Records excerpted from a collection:
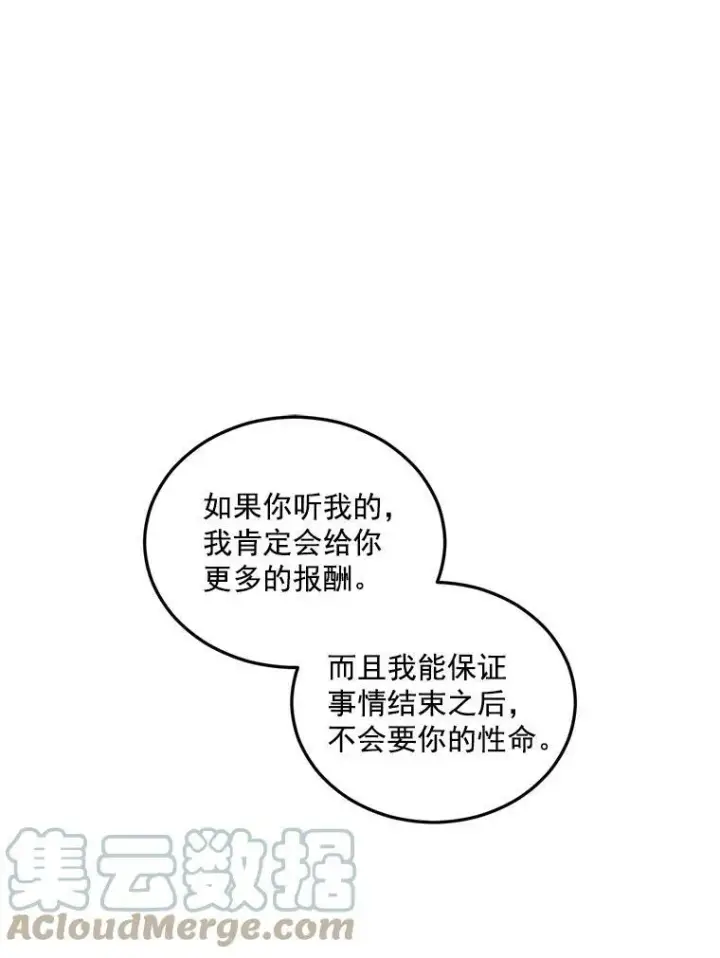 《伯爵孤女的重生》21.科特·特雷日图52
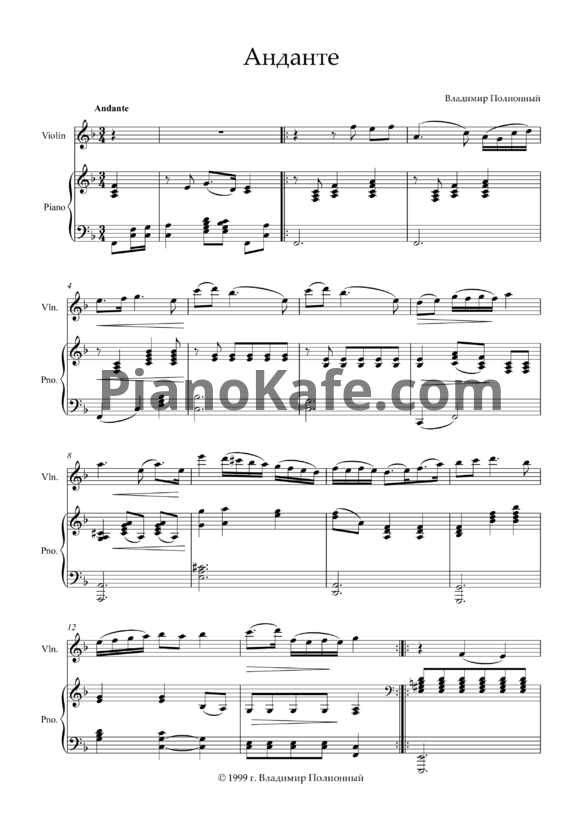 Ноты Владимир Полионный - Анданте для скрипки и фортепиано - PianoKafe.com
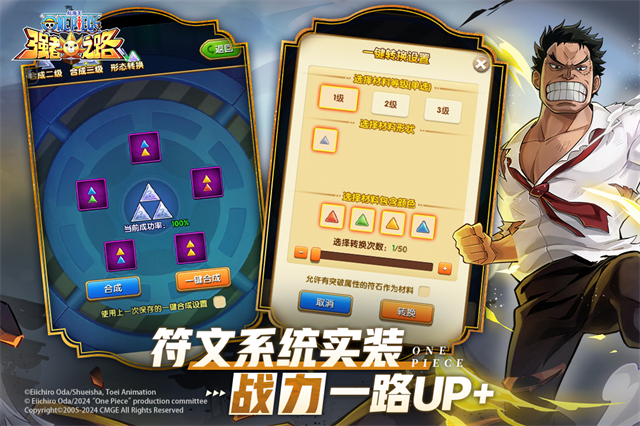 航海王强者之路小米版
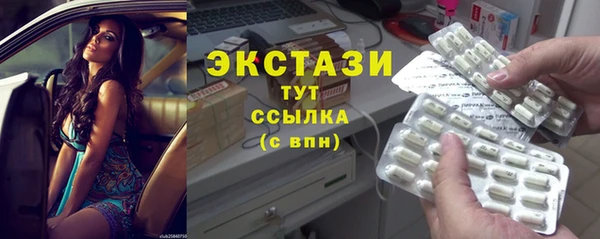 дмт Заволжье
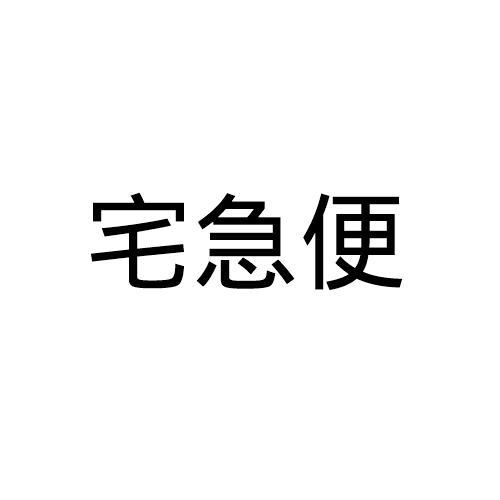 宅急便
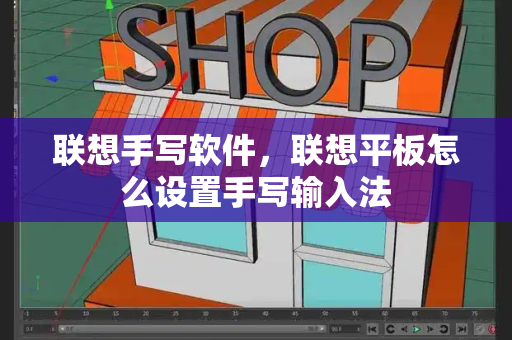 联想手写软件，联想平板怎么设置手写输入法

• [Exercise description]: Except for the pictures, give the data again word for word.

• [Your response]:
 《伯爵孤女的重生》21.科特·特雷日图52
 Ноты Владимир Полионный - Анданте для скрипки и фортепиано - PianoKafe.com
 航海王强者之路小米版
 дмт Заволжье
 宅急便
 联想手写软件，联想平板怎么设置手写输入法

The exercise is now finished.